REQUIRED WORK:
Write out exactly the lines from the first line of the records below through the line that contains "2017 GMC Savana - Image 5 of 12", and stop there.

[Brief descriptive captions]
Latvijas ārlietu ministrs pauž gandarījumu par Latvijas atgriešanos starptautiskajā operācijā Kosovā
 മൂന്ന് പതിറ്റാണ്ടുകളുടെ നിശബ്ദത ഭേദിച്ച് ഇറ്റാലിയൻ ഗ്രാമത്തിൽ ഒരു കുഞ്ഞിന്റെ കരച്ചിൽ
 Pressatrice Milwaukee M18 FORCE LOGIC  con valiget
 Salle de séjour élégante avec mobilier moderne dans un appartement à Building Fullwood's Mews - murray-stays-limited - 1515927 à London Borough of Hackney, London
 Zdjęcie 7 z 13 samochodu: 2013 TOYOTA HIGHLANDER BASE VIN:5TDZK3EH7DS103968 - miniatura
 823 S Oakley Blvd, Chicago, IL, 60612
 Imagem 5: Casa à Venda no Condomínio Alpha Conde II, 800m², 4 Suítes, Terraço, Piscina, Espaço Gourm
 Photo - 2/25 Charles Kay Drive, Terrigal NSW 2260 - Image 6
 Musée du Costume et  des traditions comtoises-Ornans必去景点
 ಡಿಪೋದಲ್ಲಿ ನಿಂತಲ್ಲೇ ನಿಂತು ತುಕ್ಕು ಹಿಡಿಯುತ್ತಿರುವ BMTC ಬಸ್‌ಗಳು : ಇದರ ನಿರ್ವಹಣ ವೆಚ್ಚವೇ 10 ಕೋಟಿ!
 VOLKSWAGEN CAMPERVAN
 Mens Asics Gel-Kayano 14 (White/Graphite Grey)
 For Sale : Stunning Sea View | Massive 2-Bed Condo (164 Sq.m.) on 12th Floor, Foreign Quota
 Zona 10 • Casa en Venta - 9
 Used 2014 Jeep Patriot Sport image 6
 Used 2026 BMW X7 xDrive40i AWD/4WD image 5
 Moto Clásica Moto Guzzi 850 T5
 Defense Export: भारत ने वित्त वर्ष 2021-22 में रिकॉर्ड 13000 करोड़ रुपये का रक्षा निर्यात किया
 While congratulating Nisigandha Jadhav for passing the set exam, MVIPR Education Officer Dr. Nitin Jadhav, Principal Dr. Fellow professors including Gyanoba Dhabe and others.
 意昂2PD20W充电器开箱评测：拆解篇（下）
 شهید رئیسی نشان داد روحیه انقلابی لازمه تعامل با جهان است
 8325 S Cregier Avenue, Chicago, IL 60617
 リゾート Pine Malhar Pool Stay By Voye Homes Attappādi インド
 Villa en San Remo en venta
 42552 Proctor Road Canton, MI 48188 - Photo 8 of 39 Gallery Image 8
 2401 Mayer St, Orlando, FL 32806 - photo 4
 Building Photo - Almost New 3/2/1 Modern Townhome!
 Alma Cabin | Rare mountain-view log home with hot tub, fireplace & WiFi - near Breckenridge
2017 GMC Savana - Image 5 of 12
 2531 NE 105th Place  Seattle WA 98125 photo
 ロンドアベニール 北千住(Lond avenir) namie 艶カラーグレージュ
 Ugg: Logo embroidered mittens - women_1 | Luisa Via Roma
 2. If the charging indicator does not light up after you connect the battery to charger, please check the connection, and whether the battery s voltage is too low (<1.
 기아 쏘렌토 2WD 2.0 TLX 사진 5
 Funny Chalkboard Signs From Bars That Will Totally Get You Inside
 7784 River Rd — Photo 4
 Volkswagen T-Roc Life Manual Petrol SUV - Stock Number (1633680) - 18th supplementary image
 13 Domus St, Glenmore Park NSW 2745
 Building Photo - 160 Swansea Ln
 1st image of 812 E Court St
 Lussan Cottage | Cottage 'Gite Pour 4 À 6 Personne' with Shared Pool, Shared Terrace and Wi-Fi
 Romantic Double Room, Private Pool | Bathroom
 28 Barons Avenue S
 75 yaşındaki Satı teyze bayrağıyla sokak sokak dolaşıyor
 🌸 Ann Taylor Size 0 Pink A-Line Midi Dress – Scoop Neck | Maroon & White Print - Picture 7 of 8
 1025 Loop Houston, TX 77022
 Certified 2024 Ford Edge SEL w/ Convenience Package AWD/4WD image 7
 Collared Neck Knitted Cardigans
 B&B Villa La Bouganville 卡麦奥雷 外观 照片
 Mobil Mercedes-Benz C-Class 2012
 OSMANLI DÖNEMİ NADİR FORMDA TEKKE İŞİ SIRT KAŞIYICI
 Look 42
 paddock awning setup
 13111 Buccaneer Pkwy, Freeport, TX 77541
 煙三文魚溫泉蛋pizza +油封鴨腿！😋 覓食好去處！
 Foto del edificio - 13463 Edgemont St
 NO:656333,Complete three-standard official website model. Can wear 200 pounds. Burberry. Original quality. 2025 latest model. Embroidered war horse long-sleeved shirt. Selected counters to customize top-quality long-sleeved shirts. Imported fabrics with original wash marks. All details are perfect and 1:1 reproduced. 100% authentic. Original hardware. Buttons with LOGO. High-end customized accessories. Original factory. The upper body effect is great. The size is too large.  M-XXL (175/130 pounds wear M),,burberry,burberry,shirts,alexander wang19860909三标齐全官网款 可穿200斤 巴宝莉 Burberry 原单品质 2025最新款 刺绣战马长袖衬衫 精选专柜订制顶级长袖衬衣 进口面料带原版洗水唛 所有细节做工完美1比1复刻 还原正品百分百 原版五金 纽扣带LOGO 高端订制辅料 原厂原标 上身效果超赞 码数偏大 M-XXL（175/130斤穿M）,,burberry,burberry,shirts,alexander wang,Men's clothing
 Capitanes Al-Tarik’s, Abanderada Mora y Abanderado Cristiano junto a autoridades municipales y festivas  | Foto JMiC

OUTPUT BELOW:
Latvijas ārlietu ministrs pauž gandarījumu par Latvijas atgriešanos starptautiskajā operācijā Kosovā
 മൂന്ന് പതിറ്റാണ്ടുകളുടെ നിശബ്ദത ഭേദിച്ച് ഇറ്റാലിയൻ ഗ്രാമത്തിൽ ഒരു കുഞ്ഞിന്റെ കരച്ചിൽ
 Pressatrice Milwaukee M18 FORCE LOGIC  con valiget
 Salle de séjour élégante avec mobilier moderne dans un appartement à Building Fullwood's Mews - murray-stays-limited - 1515927 à London Borough of Hackney, London
 Zdjęcie 7 z 13 samochodu: 2013 TOYOTA HIGHLANDER BASE VIN:5TDZK3EH7DS103968 - miniatura
 823 S Oakley Blvd, Chicago, IL, 60612
 Imagem 5: Casa à Venda no Condomínio Alpha Conde II, 800m², 4 Suítes, Terraço, Piscina, Espaço Gourm
 Photo - 2/25 Charles Kay Drive, Terrigal NSW 2260 - Image 6
 Musée du Costume et  des traditions comtoises-Ornans必去景点
 ಡಿಪೋದಲ್ಲಿ ನಿಂತಲ್ಲೇ ನಿಂತು ತುಕ್ಕು ಹಿಡಿಯುತ್ತಿರುವ BMTC ಬಸ್‌ಗಳು : ಇದರ ನಿರ್ವಹಣ ವೆಚ್ಚವೇ 10 ಕೋಟಿ!
 VOLKSWAGEN CAMPERVAN
 Mens Asics Gel-Kayano 14 (White/Graphite Grey)
 For Sale : Stunning Sea View | Massive 2-Bed Condo (164 Sq.m.) on 12th Floor, Foreign Quota
 Zona 10 • Casa en Venta - 9
 Used 2014 Jeep Patriot Sport image 6
 Used 2026 BMW X7 xDrive40i AWD/4WD image 5
 Moto Clásica Moto Guzzi 850 T5
 Defense Export: भारत ने वित्त वर्ष 2021-22 में रिकॉर्ड 13000 करोड़ रुपये का रक्षा निर्यात किया
 While congratulating Nisigandha Jadhav for passing the set exam, MVIPR Education Officer Dr. Nitin Jadhav, Principal Dr. Fellow professors including Gyanoba Dhabe and others.
 意昂2PD20W充电器开箱评测：拆解篇（下）
 شهید رئیسی نشان داد روحیه انقلابی لازمه تعامل با جهان است
 8325 S Cregier Avenue, Chicago, IL 60617
 リゾート Pine Malhar Pool Stay By Voye Homes Attappādi インド
 Villa en San Remo en venta
 42552 Proctor Road Canton, MI 48188 - Photo 8 of 39 Gallery Image 8
 2401 Mayer St, Orlando, FL 32806 - photo 4
 Building Photo - Almost New 3/2/1 Modern Townhome!
 Alma Cabin | Rare mountain-view log home with hot tub, fireplace & WiFi - near Breckenridge
2017 GMC Savana - Image 5 of 12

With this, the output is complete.